- Created by: Korelan Cone Philip Lott
- Starring: Deanne Bell Chuck Messer Nick Blair (season 1) Kevin Cook (season 1) Reverend Gadget (season 2) Nathaniel Taylor (season 2)
- Narrated by: Ben Bailey (US, season 2 only) Tony Hirst (UK)
- Country of origin: United States
- Original language: English
- No. of seasons: 2
- No. of episodes: 20

Production
- Camera setup: Multiple runtime = 45 minutes

Original release
- Network: Discovery Channel
- Release: December 26, 2007 – May 1, 2009

= Smash Lab =

Smash Lab is a reality television series that premiered on December 26, 2007, on the Discovery Channel. The idea of the show is to take everyday technology and test it in "extraordinary ways".

The show started broadcasting in the UK on March 3, 2014, on Discovery Turbo and April 7 on Community Channel with Tony Hirst as the narrator. Discovery Turbo only aired 10 episodes, whereas Community Channel showed all 20 episodes.

==Cast==
The Smash Lab team is composed of Deanne Bell (scientist), Chuck Messer (engineer), Nick Blair (designer, season 1 only), Kevin Cook (creative expert, season 1 only), Reverend Gadget (fabricator, season 2 only), and Nathaniel Taylor (artisan, season 2 only). Blair has a degree in industrial design, and both Bell and Cook have degrees in mechanical engineering. Messer has an undergraduate degree in industrial engineering as well as a graduate degree in industrial design.

==Episodes==
===Season 1 (2007–08)===
Smash Lab premiered on December 26, 2007. The Smash Lab team for season one was composed of Deanne Bell, Chuck Messer, Nick Blair, and Kevin Cook.

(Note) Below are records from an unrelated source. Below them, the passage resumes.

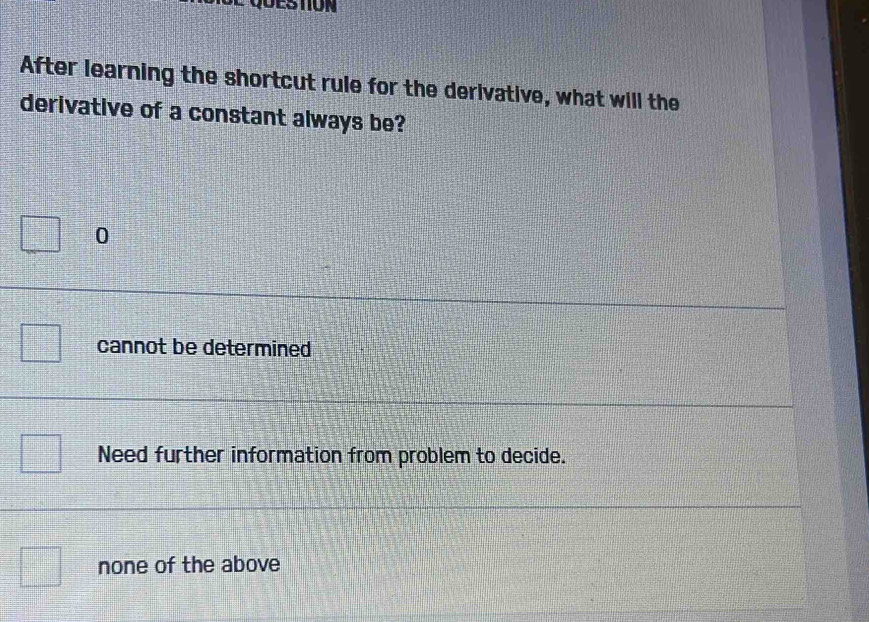 After learning the shortcut rule for the derivative, what will the
derivative of a constant always be?
0
cannot be determined
Need further information from problem to decide.
none of the above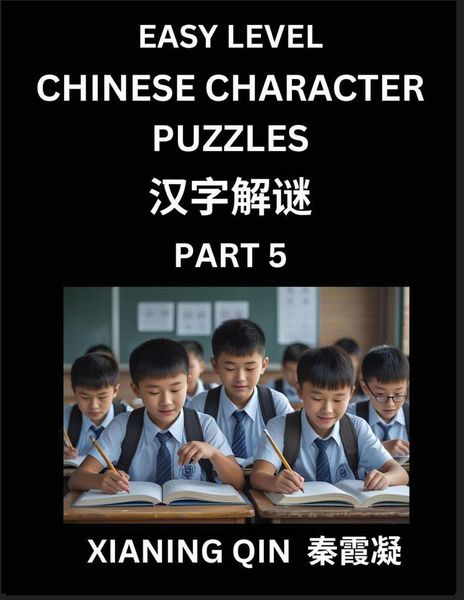 Produktbild: Chinese Lessons for Beginners (Volume 5)- Easy Brain Game and Activity Puzzles to Learn Mandarin Language With Simplified Chinese Characters, Kids, Teens, Young and Adults, HSK All Levels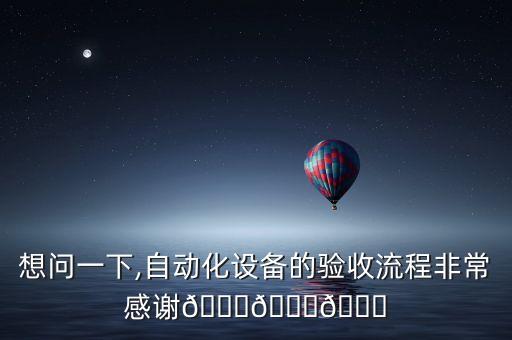 想問一下,自動化設備的驗收流程非常感謝???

| No. overall | No. in season | Title | Original release date |
| 1 | 1 | "Blast Proof House" | December 26, 2007 |
The team use Rhino Lining in various tests. The most noted is bomb proofing a building on the inner and outer wall layers. Another test involved 2 pickup trucks - One with Rhino Lining, and one without. This was to prove or disprove manufacturing claims. The test was confirmed since the Rhino Lining sprayed truck held up against the impact of explosion. This was shown as part of Discovery Channel's Sneak Peek Week.
| 2 | 2 | "Crash Absorbing Concrete" | January 16, 2008 |
The team attempt to stop an uncontrolled car from crossing a freeway median using "aerated concrete". Two methods of employing this material are used. Chuck and Kevin tried building aerated concrete blocks to be placed roadside. Nick and Deanne constructed a large aerated concrete bed for a vehicle to drive over. Neither is successful in stopping the vehicle. The aerated concrete roadside blocks actually made a car more able to jump into oncoming traffic and produced a large amount of debris, and the bed is completely destroyed by the vehicle, making it unsuitable for repeat use.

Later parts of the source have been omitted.